Owning Real Property as Tenants in Common

Owners of commercial property have increasing found benefit in owning their separate interests in the property as “tenants in common.”  Typically, if two or more parties wanted to jointly own a commercial property, the typical approach would be to form a limited liability company (LLC) to hold title to the property and the ownership interests of the LLC would be held in varying percentages by the parties. Most of the time, this will remain the preferred approach.

However, when one or more of the parties wants to use funds held in a 1031 exchange for the property purchase, holding title to the property as a tenants-in-common interest (TIC Interest) is a better option.

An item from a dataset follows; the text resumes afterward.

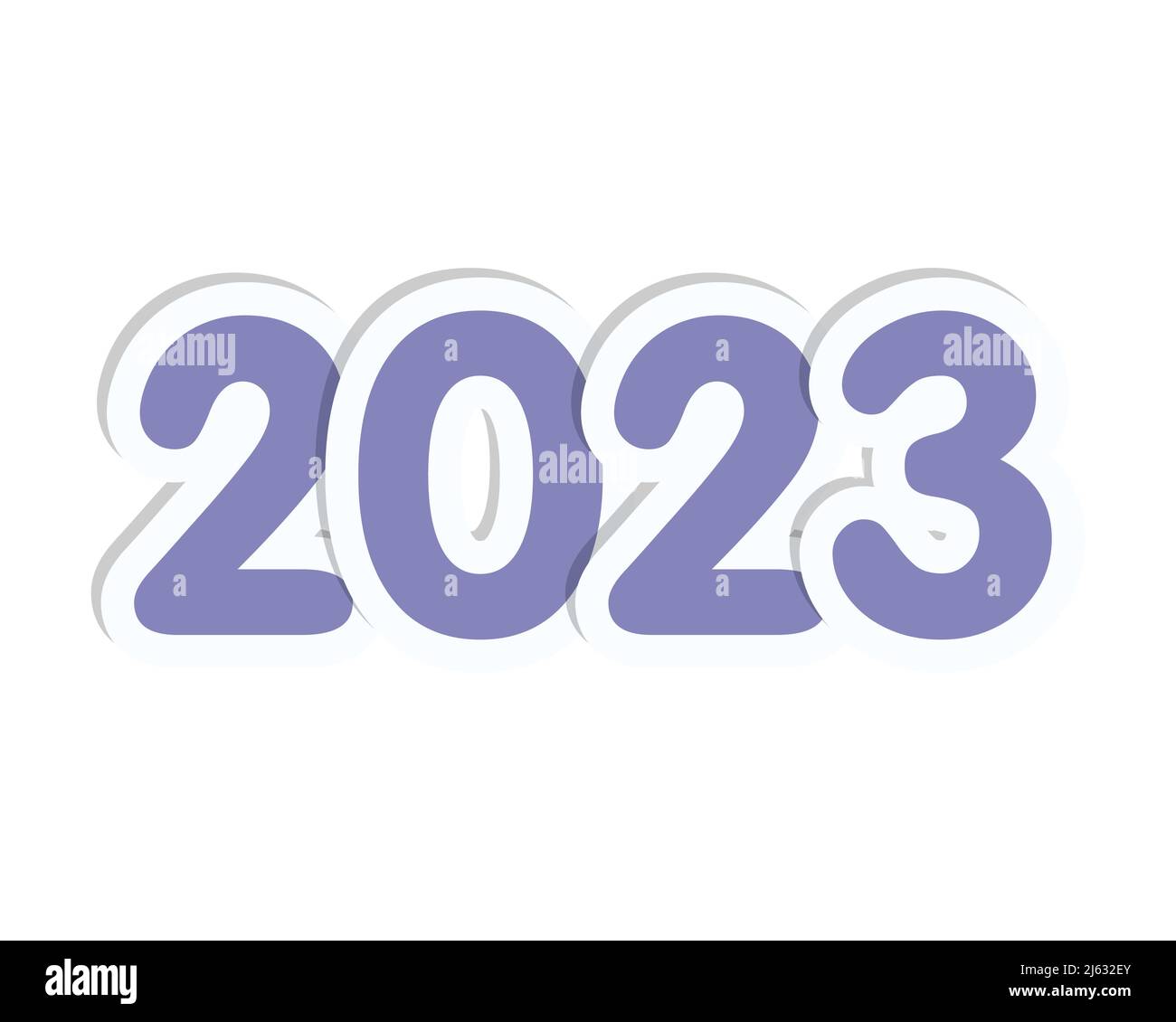 Autocollant nouvel an 2023 avec chiffres et lapin, isolé, fond blanc. Illustration vectorielle Illustration de Vecteur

A TIC Interest is an undivided interest in the real property, which can be bought or sold separately from the other undivided interests in the property and can be separately mortgaged. 1031 exchange funds can be used to purchase a TIC Interest, but cannot be used to buy a partner’s equity interest in an LLC.

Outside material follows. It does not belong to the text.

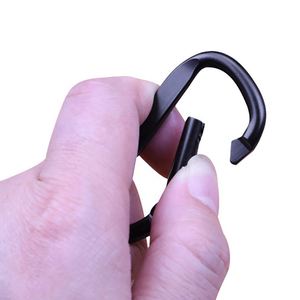 Custom Logo D Shaped Aluminum Carabiner Hook Keychain Spring <b>Clips</b> for Promotional Activities - Product Image 2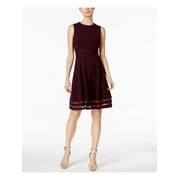 CALVIN KLEIN Womens Purple Sleeveless Above The Knee Dress Petites 4P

The parties that collectively own the TIC Interests a property will enter into a Tenants in Common Agreement (TIC Agreement) which sets out the terms and conditions upon which each will hold their respective TIC Interests and specifically elects to be excluded as a partnership under the Internal Revenue Code.

The TIC Agreement, will address property management, how income, expenses and liabilities of the property will be handled, and remedies that will be taken if a tenant in common doesn’t pay his or her proportional share of property expenses, and also identify other tenant in common obligations, such as compliance with loan obligations that affect the property as a whole.

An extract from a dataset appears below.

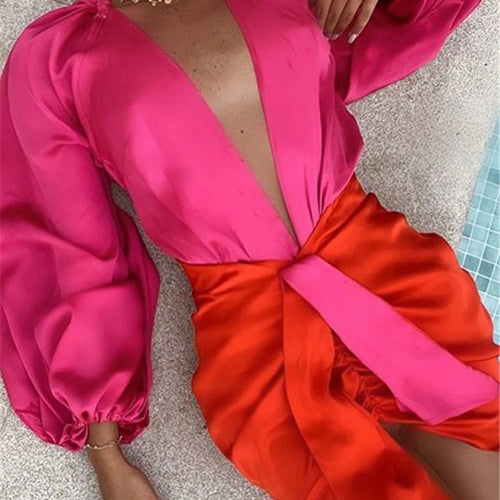 Load image into Gallery viewer, Sexy Deep V-neck Satin Two Piece Set Women Long Sleeve Top Short Skirt Sets Matching Casual Partywear Winter Women Set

If the property as a whole will be mortgaged, the lender may require additional provisions be added to the TIC Agreement for so long as the loan is outstanding, particularly if the loan will be a CMBS loan.

While TIC Agreements do not have to be lengthy or complicated, it is critical that the parties enter into such an agreement while the interests are held as TIC interests.  If even one of the tenants in common fails to cooperate or pay proportional expenses, then the other TIC owners need the ability to take action against the other owner.